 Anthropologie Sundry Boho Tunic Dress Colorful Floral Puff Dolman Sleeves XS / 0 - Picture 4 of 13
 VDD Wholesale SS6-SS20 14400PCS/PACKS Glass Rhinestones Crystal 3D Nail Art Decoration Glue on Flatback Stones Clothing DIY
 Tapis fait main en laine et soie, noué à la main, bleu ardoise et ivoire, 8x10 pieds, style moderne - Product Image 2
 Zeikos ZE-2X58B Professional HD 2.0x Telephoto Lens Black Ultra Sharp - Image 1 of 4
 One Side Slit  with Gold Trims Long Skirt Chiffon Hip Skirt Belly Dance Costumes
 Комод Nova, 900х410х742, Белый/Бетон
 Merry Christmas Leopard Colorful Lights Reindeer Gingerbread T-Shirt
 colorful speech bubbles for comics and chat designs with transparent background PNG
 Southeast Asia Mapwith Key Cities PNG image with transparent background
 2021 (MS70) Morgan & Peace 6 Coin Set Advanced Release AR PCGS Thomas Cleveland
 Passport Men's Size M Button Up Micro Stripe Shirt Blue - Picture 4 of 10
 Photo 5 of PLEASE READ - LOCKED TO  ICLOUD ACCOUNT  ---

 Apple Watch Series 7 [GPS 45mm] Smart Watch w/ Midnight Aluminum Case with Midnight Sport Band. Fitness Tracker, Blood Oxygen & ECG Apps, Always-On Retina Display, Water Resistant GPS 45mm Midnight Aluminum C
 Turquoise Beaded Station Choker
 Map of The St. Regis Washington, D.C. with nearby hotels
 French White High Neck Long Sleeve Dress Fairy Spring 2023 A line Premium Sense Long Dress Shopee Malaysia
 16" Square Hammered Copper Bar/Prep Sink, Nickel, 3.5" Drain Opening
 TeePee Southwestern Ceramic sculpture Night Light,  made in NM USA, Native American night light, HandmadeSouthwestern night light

━━━━━━━━

● What to do
Whatever appears in the data above should be set down again exactly.

● Solution to the problem
 Anthropologie Sundry Boho Tunic Dress Colorful Floral Puff Dolman Sleeves XS / 0 - Picture 4 of 13
 VDD Wholesale SS6-SS20 14400PCS/PACKS Glass Rhinestones Crystal 3D Nail Art Decoration Glue on Flatback Stones Clothing DIY
 Tapis fait main en laine et soie, noué à la main, bleu ardoise et ivoire, 8x10 pieds, style moderne - Product Image 2
 Zeikos ZE-2X58B Professional HD 2.0x Telephoto Lens Black Ultra Sharp - Image 1 of 4
 One Side Slit  with Gold Trims Long Skirt Chiffon Hip Skirt Belly Dance Costumes
 Комод Nova, 900х410х742, Белый/Бетон
 Merry Christmas Leopard Colorful Lights Reindeer Gingerbread T-Shirt
 colorful speech bubbles for comics and chat designs with transparent background PNG
 Southeast Asia Mapwith Key Cities PNG image with transparent background
 2021 (MS70) Morgan & Peace 6 Coin Set Advanced Release AR PCGS Thomas Cleveland
 Passport Men's Size M Button Up Micro Stripe Shirt Blue - Picture 4 of 10
 Photo 5 of PLEASE READ - LOCKED TO  ICLOUD ACCOUNT  ---

 Apple Watch Series 7 [GPS 45mm] Smart Watch w/ Midnight Aluminum Case with Midnight Sport Band. Fitness Tracker, Blood Oxygen & ECG Apps, Always-On Retina Display, Water Resistant GPS 45mm Midnight Aluminum C
 Turquoise Beaded Station Choker
 Map of The St. Regis Washington, D.C. with nearby hotels
 French White High Neck Long Sleeve Dress Fairy Spring 2023 A line Premium Sense Long Dress Shopee Malaysia
 16" Square Hammered Copper Bar/Prep Sink, Nickel, 3.5" Drain Opening
 TeePee Southwestern Ceramic sculpture Night Light,  made in NM USA, Native American night light, HandmadeSouthwestern night light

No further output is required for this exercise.